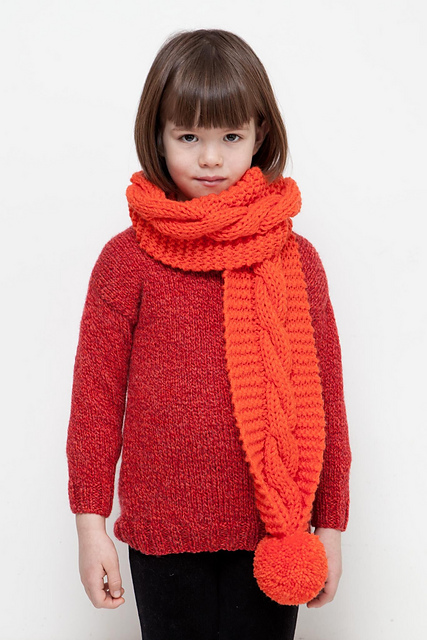426 Pull Long - M0198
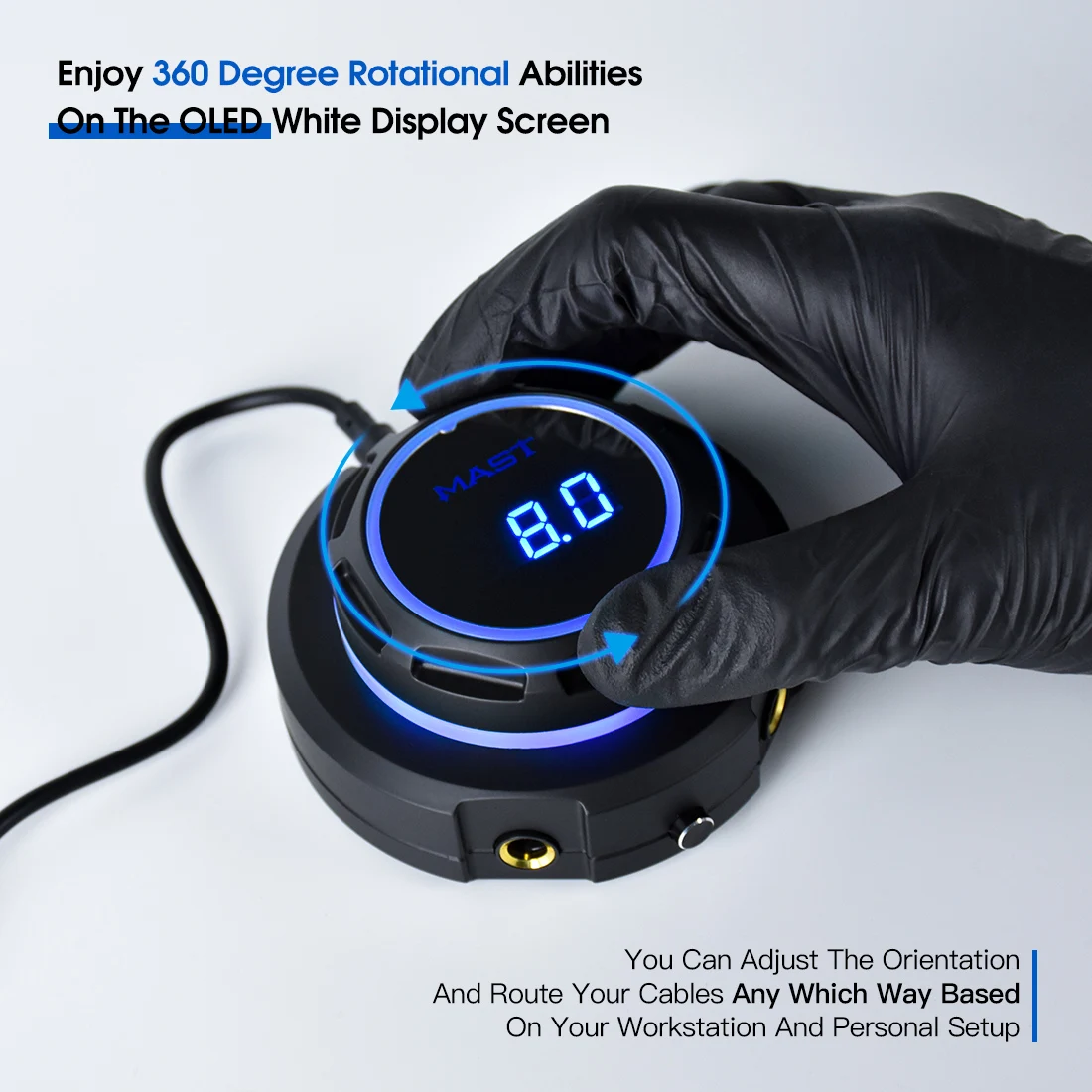 Thumbnail 4 - #28 Best Tattoo Kits to Buy In 2026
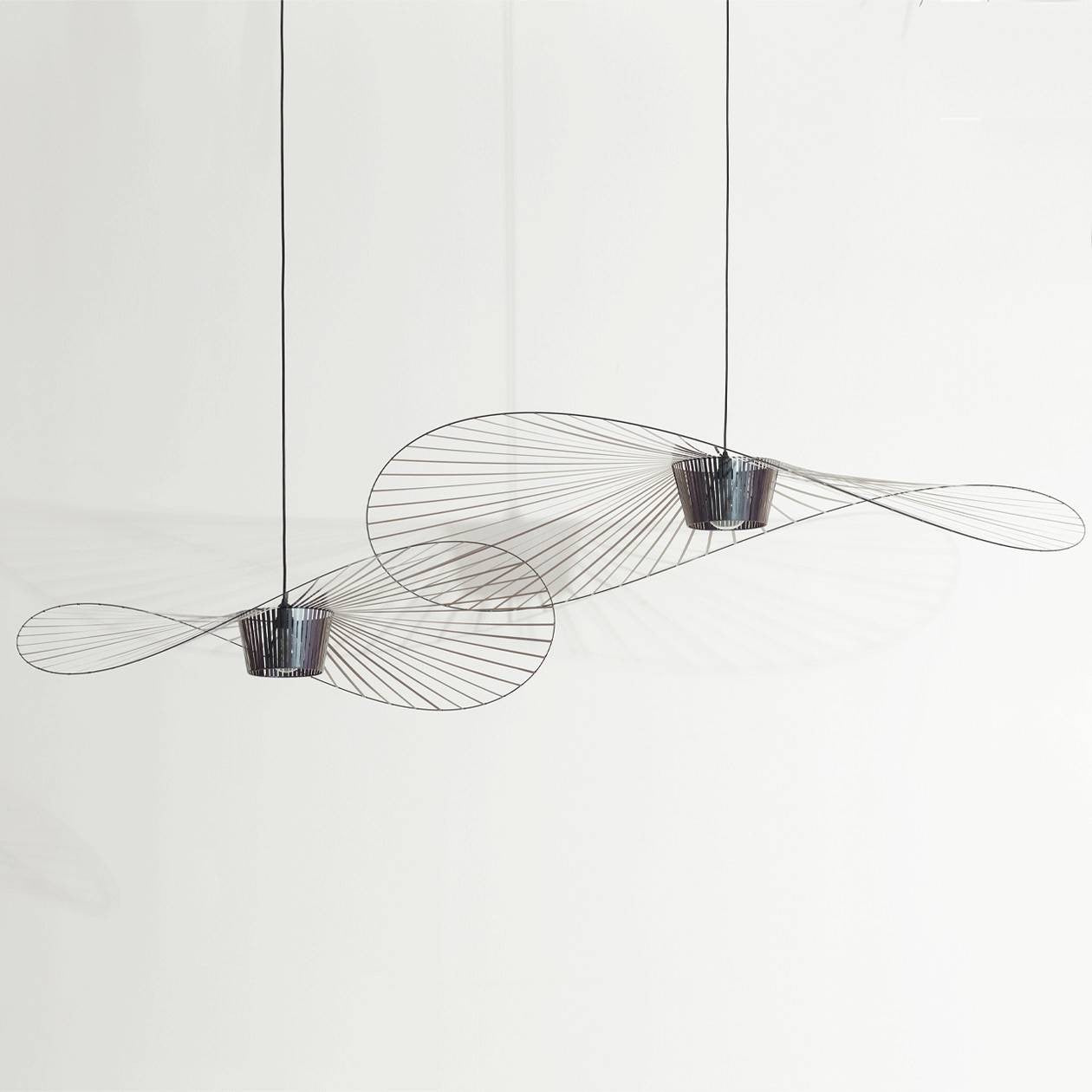 Lámpara Vertigo Beetle Medium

What the exercise asks → Your answer must be the full listing, copied exactly, with no pictures in it.

Output →
426 Pull Long - M0198
 Thumbnail 4 - #28 Best Tattoo Kits to Buy In 2026
 Lámpara Vertigo Beetle Medium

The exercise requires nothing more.